それを目指しています。ただ今はまだそうじゃないですね。全体的には言えない部分が出てきて「あそこは良かったけど、ここは良くない」とか。

―一番好きだったコレクションはいつのシーズンですか

無いですね。アイテムとしてはありますけど全体としては駄目でしょうね。しょぼいと思いますしみんな凄いと思いますよ。

―周りのデザイナーから影響を受けたりはしますか

喋ったりして「こういう考えがあるんだ」って思うことがあるのでちゃんと聞くようにしています。でもそれを参考にするかどうかは別ですね。影響しているとしたら勝手に影響していると思います。意識してどうこうというのはないです。

―デザイナーの知り合いも多いですよね

少ないと思いますよ。普段デザイナーさんと会うことはないですし。

―商品一個一個に独特な名前が付けられていますが

最近は表に出すのは止めたんですけど(以前は商品のタグの裏に詩を載せていた)服を作っている時に文章を書いているのでそこから切り取って洋服の名前にしていったりしていますね。

―その文章というのはいつ頃考えるんですか

服を作る前、早い段階ですね。言葉の使い方が違うだけでウェブに書いているような日記のようなものですね。

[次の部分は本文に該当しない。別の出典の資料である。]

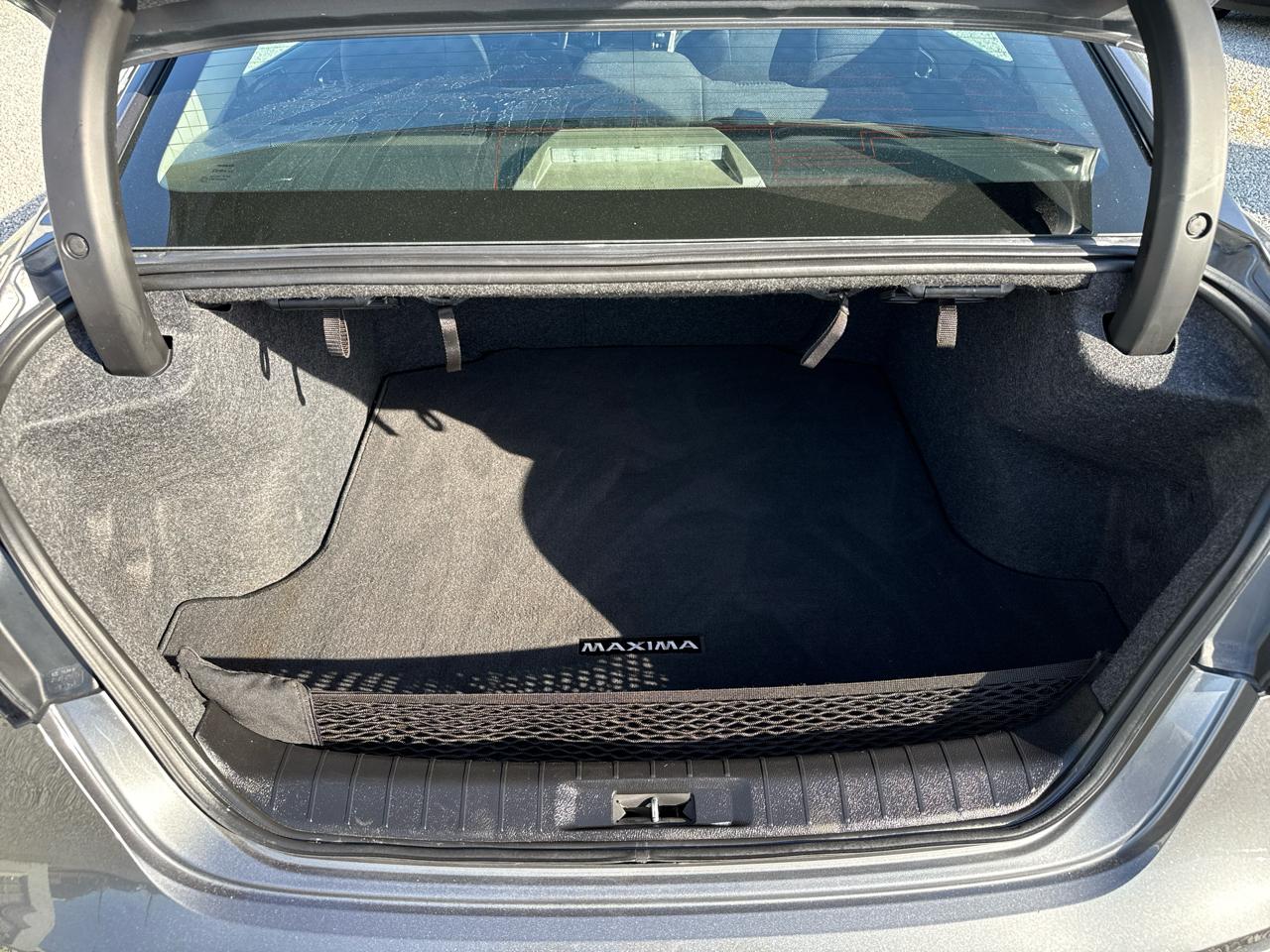 Nissan Maxima 4dr Sdn 3.5 S 2019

―自分のブランド以外、他のブランドで働こうという考えは無かったんですか

無かったですね。そういう選択肢が全くなかったですね。ただバイトして服を作るだけで頭がそれだけしか考えてなかったんですよね。

―洋服を作るのは楽しいですか

95%は苦しいですね。色んな苦しいことがあるんですけど「生活の為にお金が必要」ということは日頃凄く頭を占める事ですし、でも続けていきたいし、別の仕事もしたくないし、そういうのは苦しいですね。

―残りの5%はなんですか

最初の考えている時は凄く楽しいですね。良い生地が上がってくると嬉しいですし。色々あります。

―生地は全てオリジナルですか

ほぼそうですね。好きな生地でやりたいですからね。

―デザインが生まれなくて困るということはありますか

それはないですけど作った時にこのデザインが微妙となった時は苦しいですね。

―少しずつ自分の作品に満足できるようにはなってるんですか

「ここをこうすれば良くなる」というのを具体的にわかり始めているのでそういう意味では良くなっているのかなと思います。ただそれを生かしても結局また次に新しい問題が出てきますからね。だから苦しいですね。

―完璧なコレクションは生まれないと

無いでしょうね。

―インスピレーションが途切れる不安はありますか

無いですね。自分の生活が変にならない限りは大丈夫だと思います。社会に流されてしまったりだとか。そういう風になると変になるというのは自分でわかるんです。自分が生きていく上で不満とかはいっぱいあるので本当はそこなんで、それが途切れたら幸せなんで途切れたらそれはそれで別にいいと思うんですよ。

―東京に移り住んでデザインや考え方は変わりましたか

無いと思います。意識的に無いと言っているだけかもしれないですけど。ただビルの多さとか人の多さだとかそういうのが多いので何か関係しているかもしれないですけど。

―世の中の経済状況を意識したりはしますか

あまり気にしていないですね。僕が気にしたところでどうにもならないと思いますし。

―日本のブランドで好きなブランドはありますか

本当に好きというブランドは無いかもしれないですね。

―それが自分のブランドになればいいと

そういうことでもないですね。自分がそれで食べていければそれでいいです。それでちょっとずつ良くなっていければ、それくらいです僕が出来る事って言うのは。